# Length of time set by Co on puter



## FarmboyBill (Aug 19, 2005)

Does the time the puter is on reflect in the time allotted me a month by the company im with, Wild screw, er blue? I leave it on all day and until I go to bed. 
By the way, I had a much better deal with Hugh, and I had ran out of their contract.


----------



## jwal10 (Jun 5, 2010)

Are you on an unlimited plan or you pay for time used? I am on unlimited, no extra charges, same cost each month no matter how much I use it. Or are you talking about if the computer is on but you are offline? Off line, no cost even if computer is turned on. If you forget to go offline, they will charge you....James


----------



## FarmboyBill (Aug 19, 2005)

James im on a limited plan. It turns over on the 89th, both at Hugh and screw/ blue.

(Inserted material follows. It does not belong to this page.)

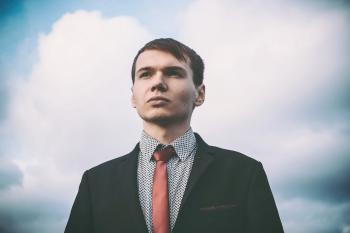 Portrait of Young Man Against Sky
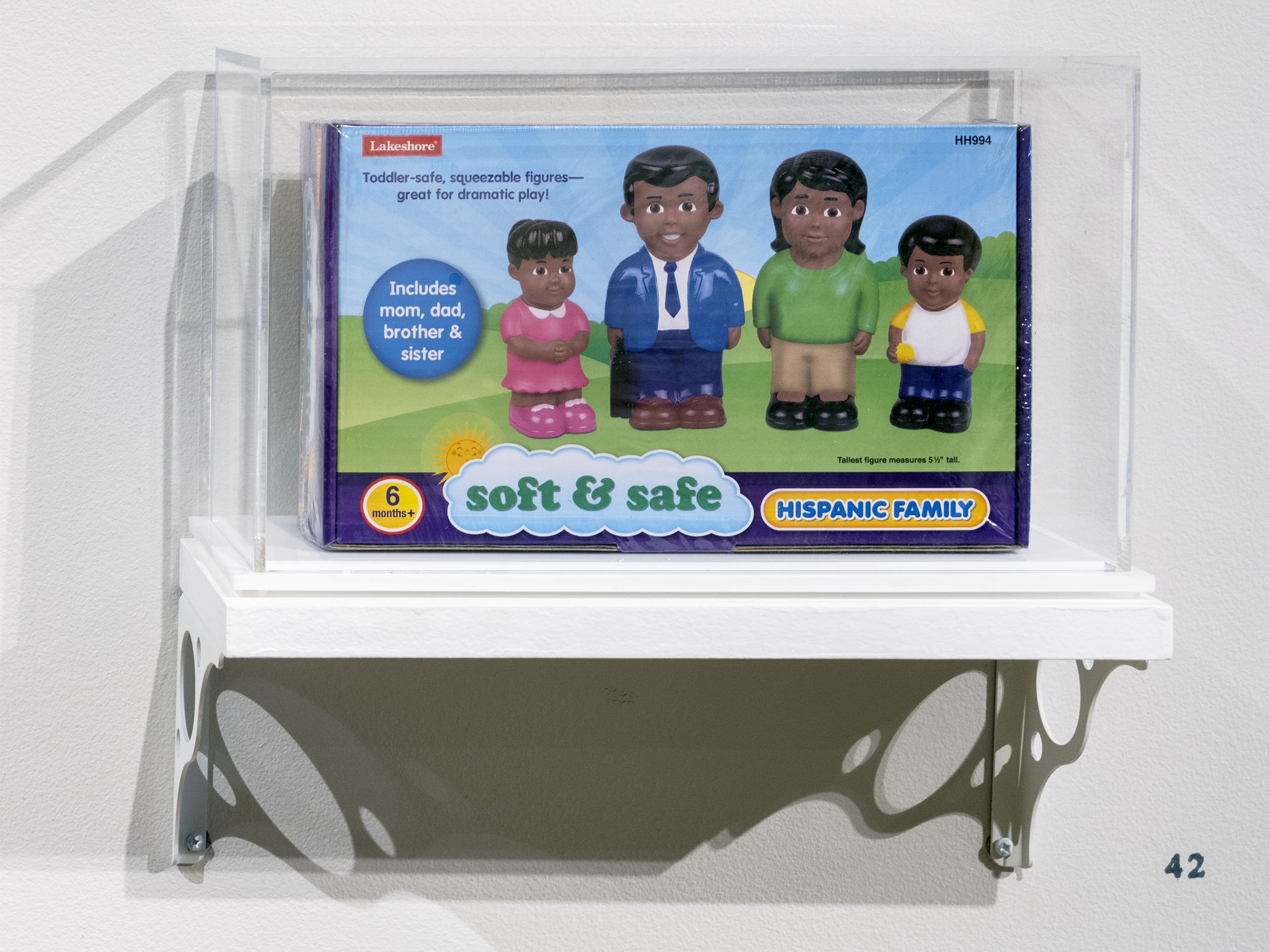  Installation view.  Soft and Safe Hispanic Family . Found object: educational toy | 2022.  The Museum of the Old Colony , Duke Hall Gallery of Fine Art, 2022.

Im talking about leaving the puter on but doing other things during the day, and being away from it.


----------



## po boy (Jul 12, 2010)

FarmboyBill said:


> James im on a limited plan. It turns over on the 89th, both at Hugh and screw/ blue.
> 
> Im talking about leaving the puter on but doing other things during the day, and being away from it.


If the computer is just on and you are not online, it does use your allotted time.


----------



## FarmboyBill (Aug 19, 2005)

OK Thanks PB


----------



## Harry Chickpea (Dec 19, 2008)

Huh? What are you thinking?
http://www.wildblue.com/customers/data-allowance-policy

Wild Blue, Exede, and Hughes all have DATA allowance caps. How long you leave your computer powered on or connected has ZERO influence by itself. I have one computer on 24/7/365 and the only time I've ever run up against data caps were when IDIOT programmers were pushing updates and ads.


----------



## Kung (Jan 19, 2004)

Harry probably has the closest answer. Whether or not the computer is on has no bearing, for the most part. Now, if the computer's on, and you have programs that stream data from the internet (be they anything from streaming audio to a weather applet) or the like, that would use up some data, but for the most part it'd be negligible.


----------



## FarmboyBill (Aug 19, 2005)

Well, I don't understand how I can use up 10 GB a month in 3 weeks or less. Im not on it after other stuff what I would think was all that much. Just, for the most part, in here, and checking mail maybe a doz times a day.


----------



## Belfrybat (Feb 21, 2003)

When you are not on the internet, do you put your computer into sleep mode? I wouldn't think it would use any data when asleep. 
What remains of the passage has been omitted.